Reputation: 925
I had a question on how libraries like numpy work. When I import numpy
, I'm given access to a host of built in classes, functions, and constants such as numpy.array
, numpy.sqrt
etc.
But within numpy there are additional submodules such as numpy.testing
.
How is this done? In my limited experience, modules with submodules are simply folders with a __init__.py
file, while modules with functions/classes are actual python files. How does one create a module "folder" that also has functions/classes?
Upvotes: 35
Views: 38796
Reputation: 10585
A folder with .py
files and a __init__.py
is called a package
. One of those files containing classes and functions is a module
. Folder nesting can give you subpackages.

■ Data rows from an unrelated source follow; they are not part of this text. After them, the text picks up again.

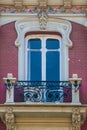 Red brick traditional window and balcony in Spain with stucco decoration Royalty Free Stock Photo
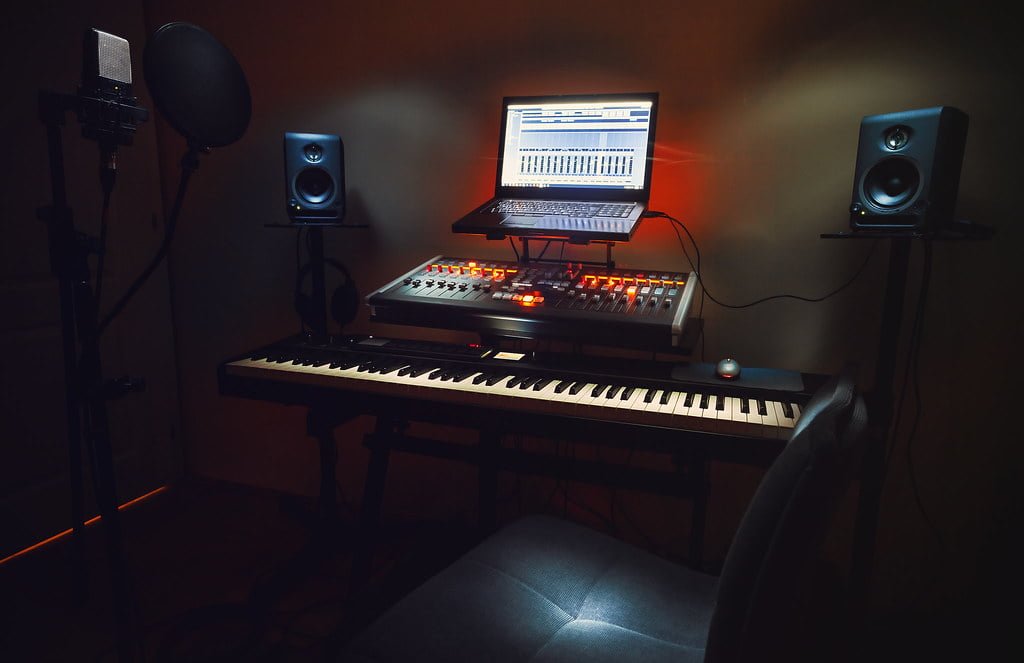 A home music studio setup with a keyboard, audio interface, studio monitors, a microphone with a pop filter, headphones, and a computer with digital audio workstation software on the screen, all in a dimly lit room with ambient lighting.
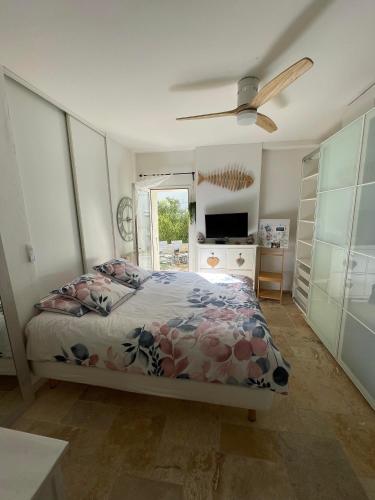 une chambre avec un lit et un ventilateur de plafond dans l'établissement RDC de maison avec terrasse barbecue, à Toulon
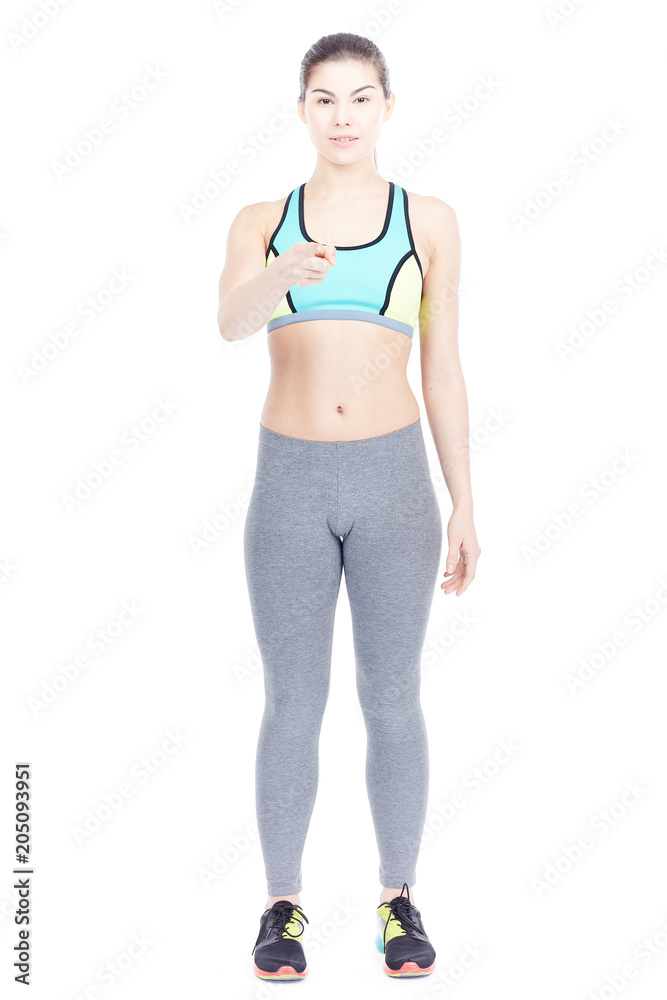 Isolated portrait of beautiful fit woman posing in sports tights and bra Isolated portrait of beautiful fit woman posing in sports tights and bra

So for example if I had the following structure:
mypackage
__init__.py
module_a.py
module_b.py
mysubpackage
__init__.py
module_c.py
module_d.py
I could import mypackage.module_a
or mypackage.mysubpackage.module_c
and so on.
You could also add functions to mypackage
(like the numpy functions you mentioned) by placing that code in the __init__.py
. Though this is usually considered to be ugly.
If you look at numpy's __init__.py
you will see a lot of code in there - a lot of this is defining these top-level classes and functions. The __init__.py
code is the first thing executed when the package is loaded.